*** Extracted data ***
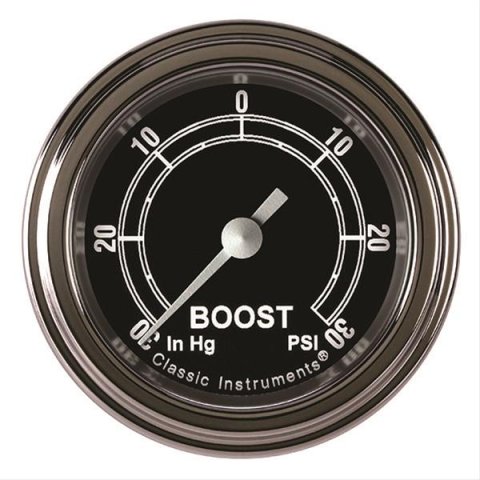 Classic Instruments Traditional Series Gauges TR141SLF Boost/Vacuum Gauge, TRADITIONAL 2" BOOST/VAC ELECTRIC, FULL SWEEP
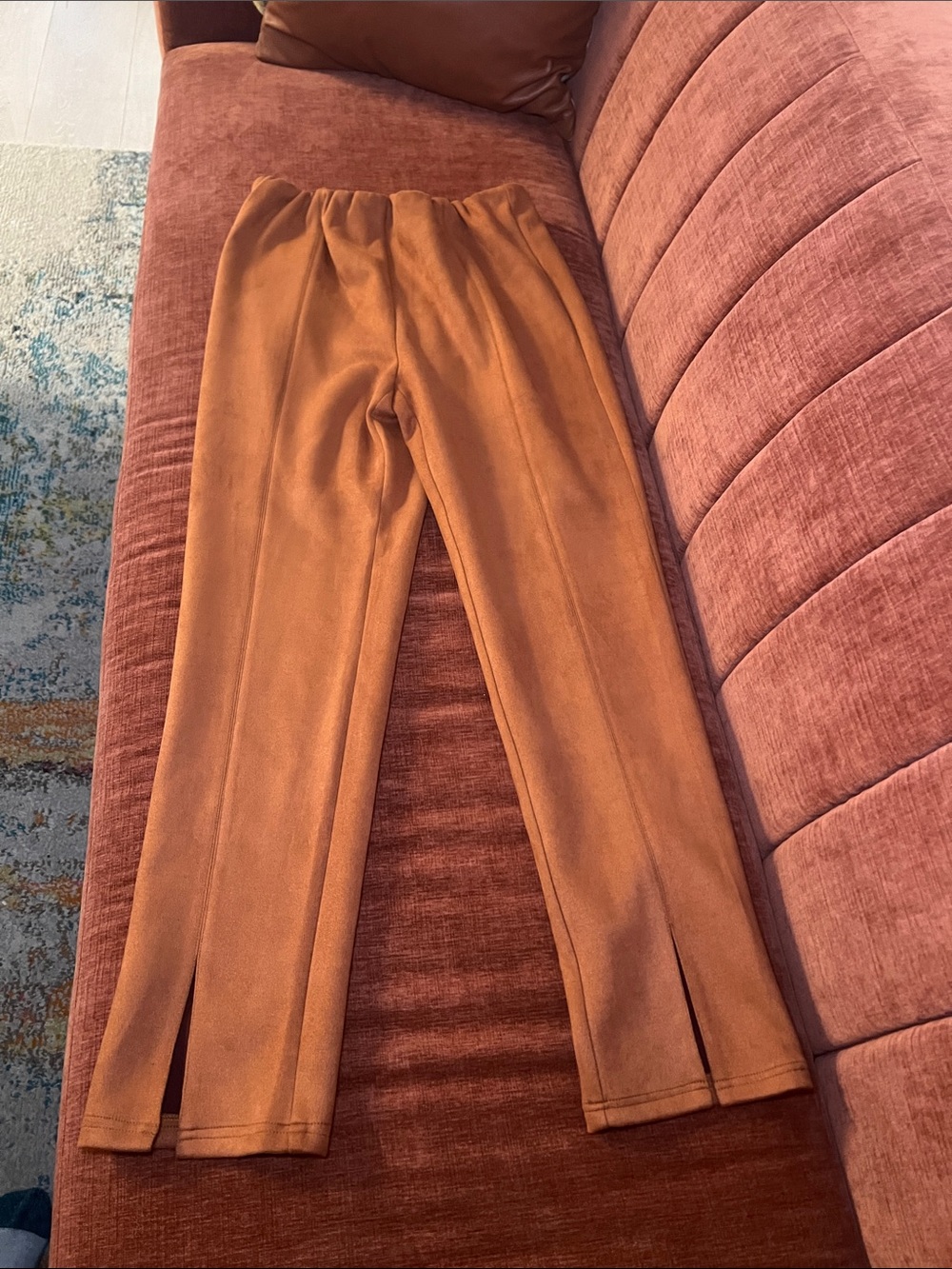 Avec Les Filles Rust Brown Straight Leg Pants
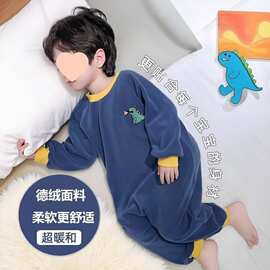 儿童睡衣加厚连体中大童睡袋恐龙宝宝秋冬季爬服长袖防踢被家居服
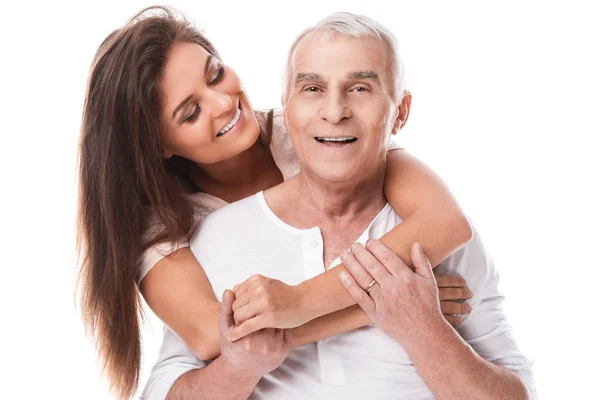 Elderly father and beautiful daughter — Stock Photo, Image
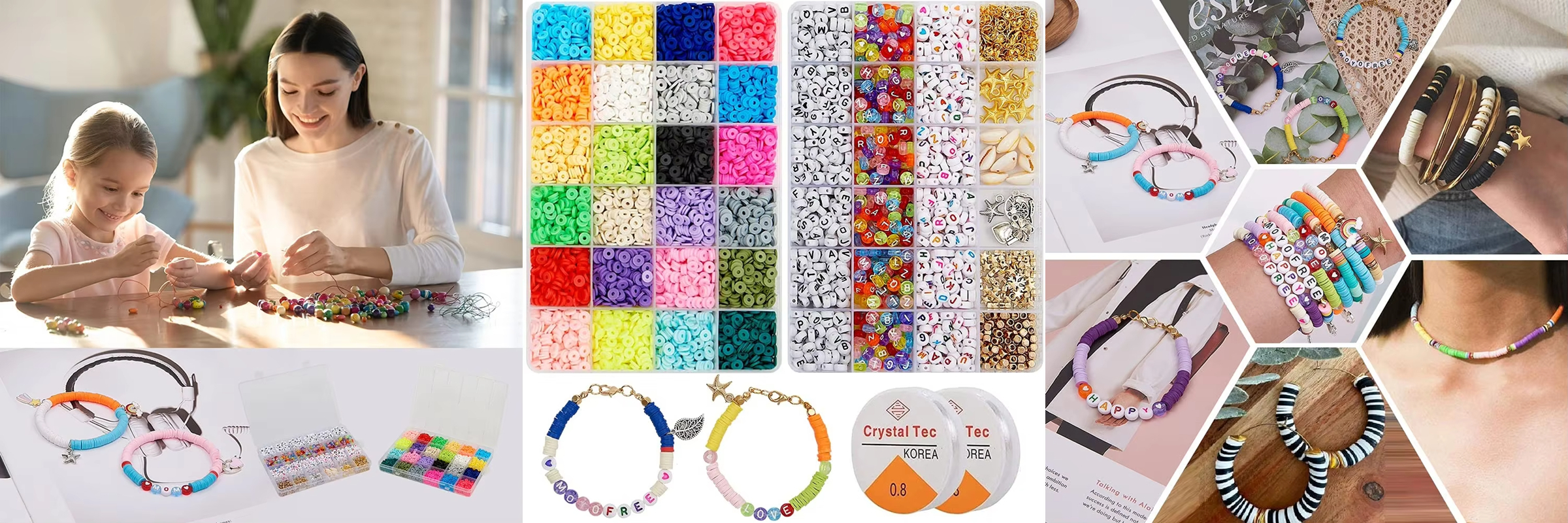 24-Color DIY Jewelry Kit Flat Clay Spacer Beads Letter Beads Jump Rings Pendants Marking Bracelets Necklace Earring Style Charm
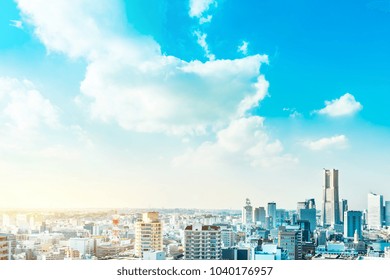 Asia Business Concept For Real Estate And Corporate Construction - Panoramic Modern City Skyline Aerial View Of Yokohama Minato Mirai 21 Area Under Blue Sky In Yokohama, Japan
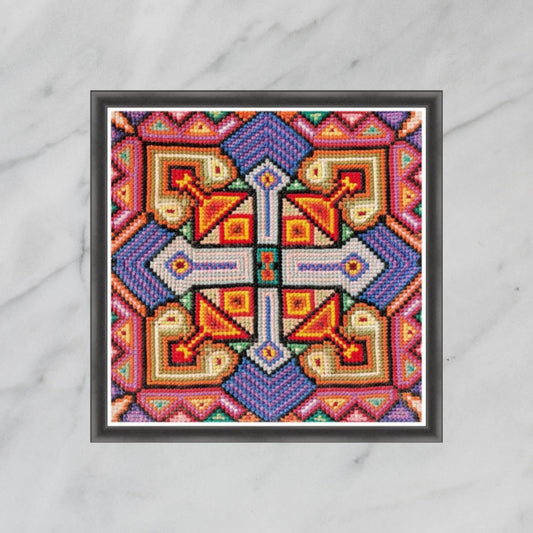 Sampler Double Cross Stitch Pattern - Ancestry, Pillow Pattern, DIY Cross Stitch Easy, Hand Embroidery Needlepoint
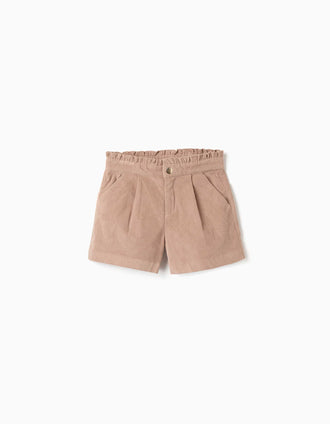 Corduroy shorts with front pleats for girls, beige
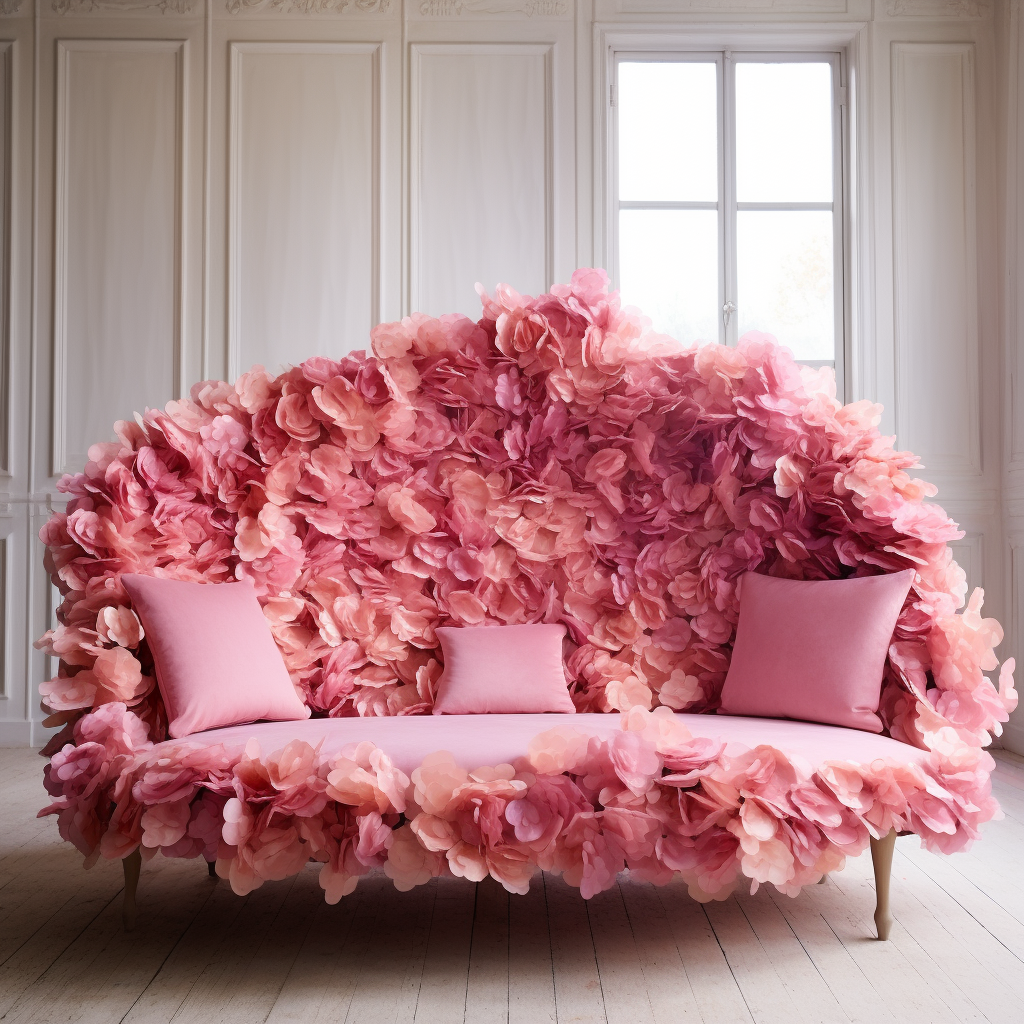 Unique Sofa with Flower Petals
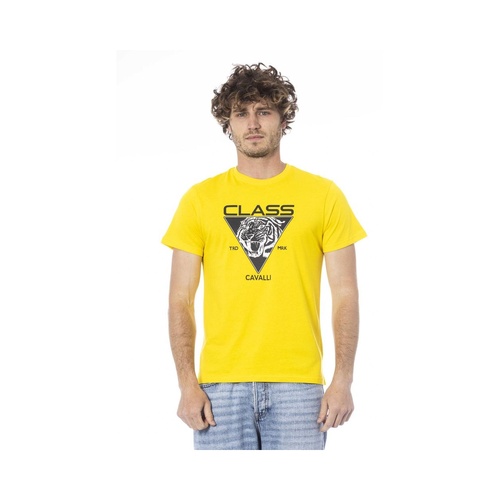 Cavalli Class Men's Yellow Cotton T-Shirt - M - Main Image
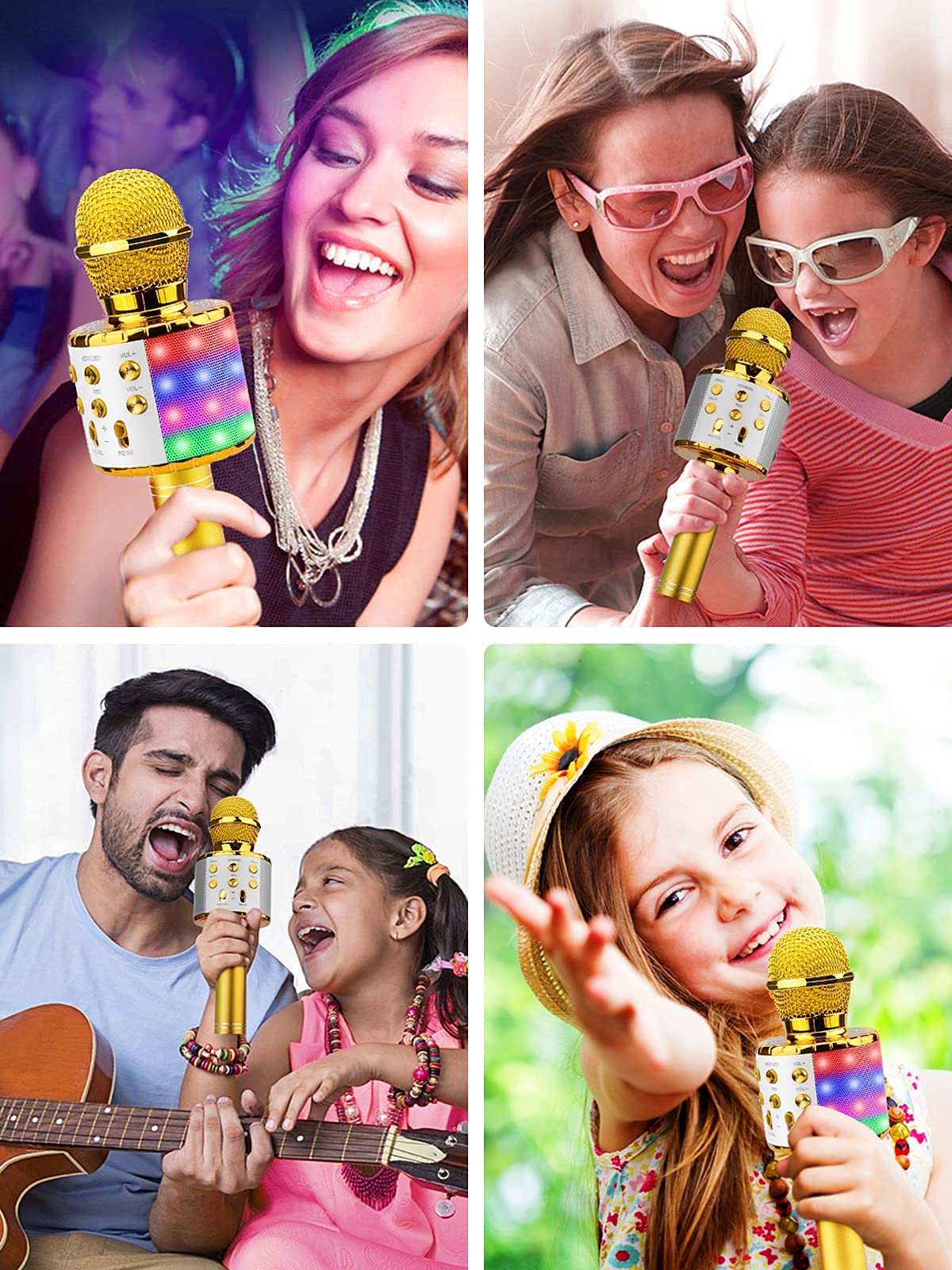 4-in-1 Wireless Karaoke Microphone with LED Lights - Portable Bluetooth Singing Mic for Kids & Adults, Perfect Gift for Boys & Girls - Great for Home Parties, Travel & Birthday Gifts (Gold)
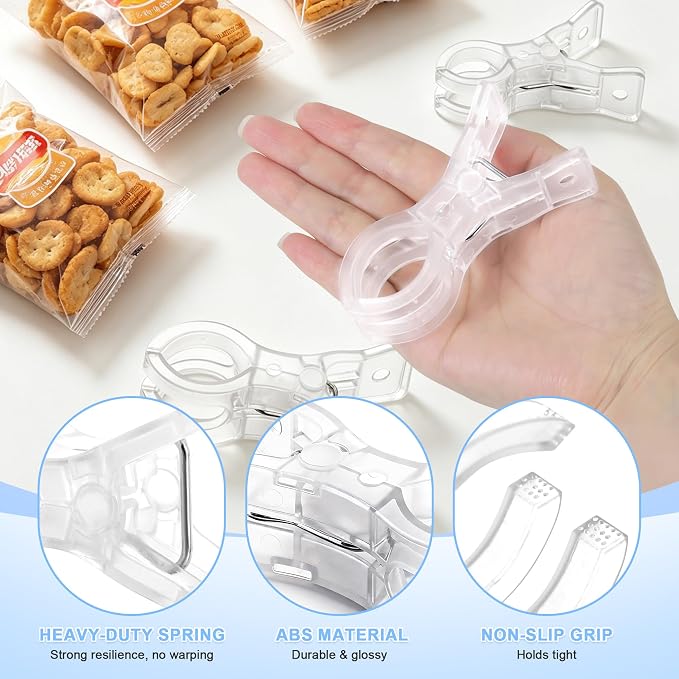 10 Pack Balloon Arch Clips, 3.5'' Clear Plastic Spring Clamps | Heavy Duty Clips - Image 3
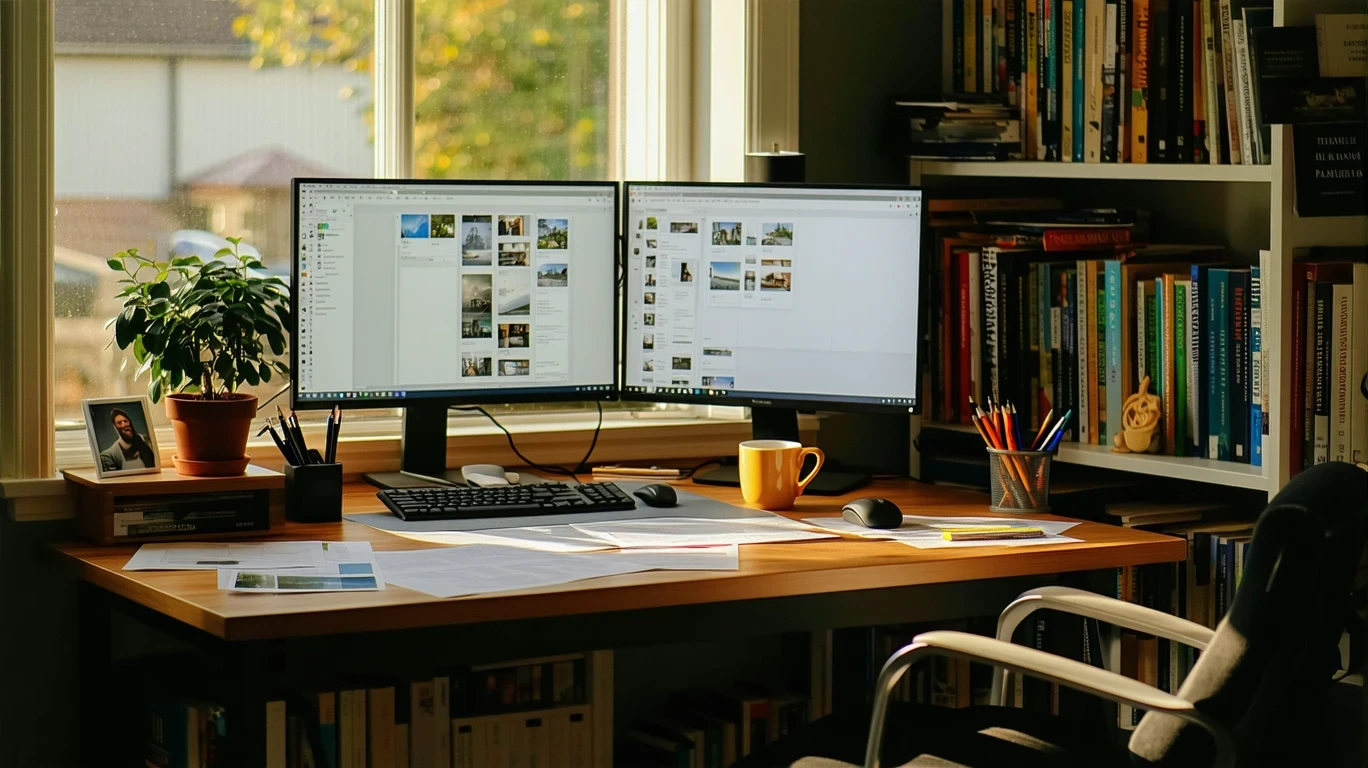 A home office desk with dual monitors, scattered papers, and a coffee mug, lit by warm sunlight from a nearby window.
***
[Task to carry out]: From the records above, output only the lines starting at the one containing "儿童睡衣加厚连体中大童睡袋恐龙宝宝秋冬季爬服长袖防踢被家居服" and ending at the one containing "24-Color DIY Jewelry", word for word. Pictures stay out.

[Exercise answer]:
 儿童睡衣加厚连体中大童睡袋恐龙宝宝秋冬季爬服长袖防踢被家居服
 Elderly father and beautiful daughter — Stock Photo, Image
 24-Color DIY Jewelry Kit Flat Clay Spacer Beads Letter Beads Jump Rings Pendants Marking Bracelets Necklace Earring Style Charm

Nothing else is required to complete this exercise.